Transcription factors play an important role in the gene regulation. To search for the regulatory regions in the genome the Transcription Factor Binding Sites Scan (TFBSscan) was developed.

Please mention that CONDA is needed for the installation of the TFBSscan.

1. Clone the directory

git clone https://github.com/petrokvitka/TFBScan

2. Switch to the directory

cd TFBSscan

3. Create the needed environment from the file tfbs.yaml

conda env create --file tfbs.yaml

4. Activate the environment

source activate tfbs

5. You are ready to use the TFBSscan! To learn how to use TFBSscan, just type

python tfbsscan.py

The TFBSscan requires two input files:

• file with transcription factor motifs, which can be downloaded from JASPAR database in .MEME or .PFM format;
• a file with genome in FASTA format.

To optimize the scanning, a file in the .BED format with peaks can also be provided. The peak is a so called open region or in other words the region of interest in the ATAC-seq. If the .BED file with peaks was provided, the TFBSscan run will be way faster, as we will look for the needed information only within the regions we are interested in.

As an output the TFBSscan produces the file in .BED format with all found binding sites for each motif provided as input. If only one motif was provided as input, only one output file will be created. For three input motifs three output files in .BED format will be outputed. If the output file is empty, no binding sites for this motif were found.

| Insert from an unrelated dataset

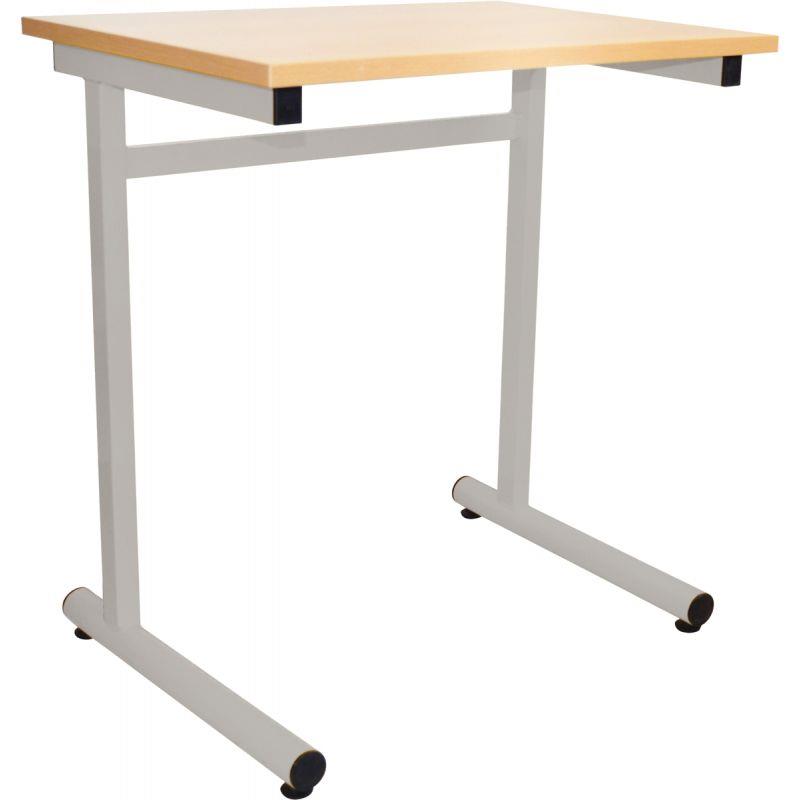 Image de  Table fixe 1 place 70x50cm T4 gris alu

There are currently two different tools a user can choose in between when starting the TFBSscan:

• FIMO (Find Individual Motif Occurences) as a part of the MEME Suite. There is a possibility to pass additional parameters to FIMO. TFBSscan uses by default the next parameters for FIMO call: --text to print the FIMO output in a simple text file and --no-qvalue because the calculation of q-values is not possible while using the parameter --text.
• MOODS (Motif Occurrence Detection Suite).

FIMO and MOODS need the input files in different formats (.MEME for FIMO and .PFM for MOODS). The TFBSscan allows an automatic convertion of these both formats regarding on the tool the user wants to use.

There are several options to customize the TFBSscan:

• --output_directory to set the desired output directory, by default the output files will be saved to the path ./output/;
• --bed_file to provide a file with peaks of interest to search within in .BED format;
• --use [fimo/moods] to choose the tool (by default TFBSscan uses FIMO);
• --clean [all/nothing/cut_motifs/fimo_output/merge_output/moods_output] set one or more option from the list to be able to chose the temporare files from the output directory after the run. By default TFBSscan deletes all temporary files and will leave only the output files with binding sites for each motif in .BED format;
• --cores to set how many cores the TFBSscan is allowed to use while starting the multiprocessing. By default only 2 cores are allowed;
• --fimo "option" pass additional options for the FIMO run within the quotation marks. For example, a background file created with fasta-get-markov can be passed;
• --p_value set the p-value for the search. By default the p-value is 1e-4 or 0.0001;
• --resolve_overlaps to delete the ovelaps with lower score. By default no overlaps are deleted;
• --moods_bg 0.25 0.25 0.25 0.25 to set hte background for MOODS. By default the standard MOODS background is used which is 0.25 0.25 0.25 0.25;
• --hide_info to print the information about the run only to the log-file. By default all the information is printed to the terminal.

To try how the TFBSscan works, the test data was uploaded to the folder example. The file with 3 random motifs was downloaded from the JASPAR database in .MEME format. The fasta file mm10 with the first chromosome is used to create the file in the example_output folder. The TFBSscan call used for this example is:

python tfbsscan.py -g ../chr1.fa -m example/3_motifs.meme -o example_output

There are three output files in .BED format in the example_output folder and a logfile containing information about the run. Each of the output .BED files contains the binding sites of the corresponding motif for the first chromosome of the mm10 genome.